Explore the fundamentals of C++ Machine Learning and discover how to implement linear regression from scratch in C++. This hands-on guide covers key concepts such as gradient descent, feature normalization, and predictive modeling, offering a practical approach to understanding linear regression in a performance-efficient language.
C++ Linear Regression
Linear regression models the relationship between a dependent variable (output) and one or more independent variables (features). The goal is to fit a linear equation to the data, allowing predictions based on new inputs. The core objective is to find the best-fitting line that minimizes the difference between predicted and actual values. The linear model can be expressed as:
y=m⋅x+b
where m is the slope (weight), x is the feature, and b is the intercept (bias).
Why Use C++ for Linear Regression?
C++ is not typically the first choice for machine learning tasks, but implementing linear regression in this language has several advantages:
- Performance: C++ offers superior execution speed, which is beneficial for handling large datasets or computationally intensive tasks.
- Control: Coding from scratch provides complete control over the algorithm’s details, enabling custom modifications and optimizations.
- Learning Experience: Implementing the algorithm manually helps in understanding the fundamental concepts behind machine learning models.

Key Components of Our Implementation
Here’s a breakdown of the major components in our simplified linear regression model:
- Feature Normalization: The
normalizeFeatures
method scales the features so that all values lie between 0 and 1. This step is crucial for ensuring that the gradient descent algorithm converges efficiently. - Gradient Descent: The
fit
method uses gradient descent to minimize the cost function. It iteratively updates the weights and bias to reduce the prediction error. The cost function, Mean Squared Error (MSE), is calculated and displayed every 100 iterations to track the model’s progress. - Prediction: The
predict
method calculates the predicted value for new inputs using the learned weights and bias. - Training and Evaluation: After training, the model’s parameters are printed, and predictions are made for new data points to demonstrate the model’s functionality.
NOTE
Visit GitHub to access the complete code.
Download the code of C++ Machine learning as a zip file.
Training and Evaluation
The model is trained using a dataset, where each data point consists of multiple features and a corresponding output value. During training, the model’s parameters are updated to minimize the error between predicted and actual values. The Mean Squared Error (MSE) is used as the cost function to evaluate the model’s performance. It’s printed periodically during training to monitor the convergence of the algorithm.

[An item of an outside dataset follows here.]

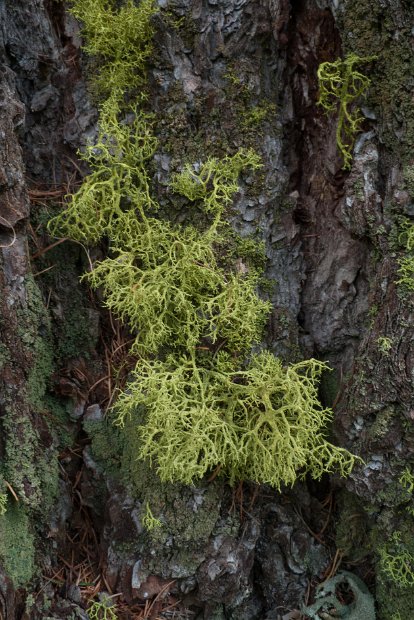 Letharia vulpina-1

After training, the model’s parameters—weights and bias—are printed, providing insight into the learned relationships. Predictions can then be made using the trained model.
Conclusion
Implementing linear regression in C++ provides a valuable learning experience and highlights the fundamental concepts of machine learning. While C++ might not be the most common choice for such tasks, it offers performance benefits and a deep understanding of the algorithm’s workings.

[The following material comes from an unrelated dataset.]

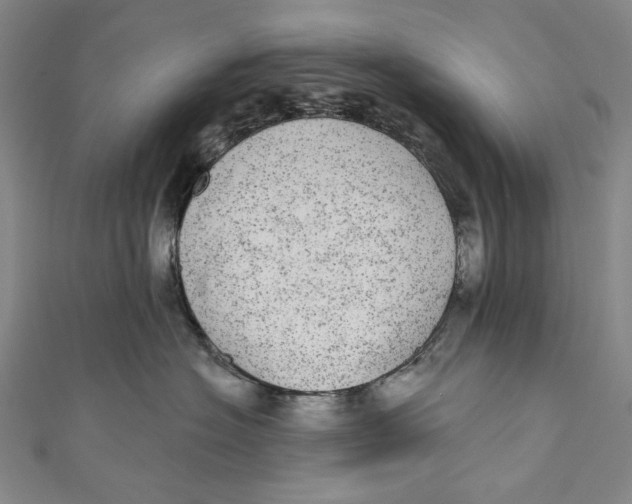 X0000110960574200907101330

By coding the model from scratch, you gain insights into essential components like gradient descent and feature normalization. This approach not only enhances your grasp of linear regression but also equips you with the skills to implement and optimize machine learning algorithms effectively.
Source Code of C++ Machine Learning
#include <iostream>
#include <vector>
#include <cmath>
#include <numeric>
using namespace std;
class LinearRegression {
private:
double learning_rate;
int iterations;
vector<double> weights; // Weights for each feature
double bias; // Intercept term
// Compute the cost (Mean Squared Error)
double computeCost(const vector<vector<double>>& X, const vector<double>& Y) {
int n = X.size();
double cost = 0;
for (int i = 0; i < n; ++i) {
double y_pred = predict(X[i]);
cost += pow(y_pred - Y[i], 2);
}
return cost / (2 * n);
}
public:
LinearRegression(double lr, int iter) : learning_rate(lr), iterations(iter), bias(0) {}
// Train the model using gradient descent
void fit(const vector<vector<double>>& X, const vector<double>& Y) {
int n = X.size(); // Number of data points
int m = X[0].size(); // Number of features
// Initialize weights
weights.assign(m, 0);
for (int iter = 0; iter < iterations; ++iter) {
vector<double> dW(m, 0); // Gradient for weights
double db = 0; // Gradient for bias
for (int i = 0; i < n; ++i) {
double y_pred = predict(X[i]);
double error = y_pred - Y[i];
// Update gradients
for (int j = 0; j < m; ++j) {
dW[j] += error * X[i][j];
}
db += error;
}
// Update weights and bias
for (int j = 0; j < m; ++j) {
weights[j] -= (learning_rate * dW[j]) / n;
}
bias -= (learning_rate * db) / n;
// Print the cost every 100 iterations
if (iter % 100 == 0) {
cout << "Cost at iteration " << iter << ": " << computeCost(X, Y) << endl;
}
}
}
// Predict the output for a given input
double predict(const vector<double>& x) const {
double y_pred = bias;
for (int j = 0; j < x.size(); ++j) {
y_pred += weights[j] * x[j];
}
return y_pred;
}
// Print the model's parameters
void printParameters() const {
cout << "Weights: ";
for (double w : weights) {
cout << w << " ";
}
cout << "\nBias: " << bias << endl;
}
// Feature normalization (scaling features between 0 and 1)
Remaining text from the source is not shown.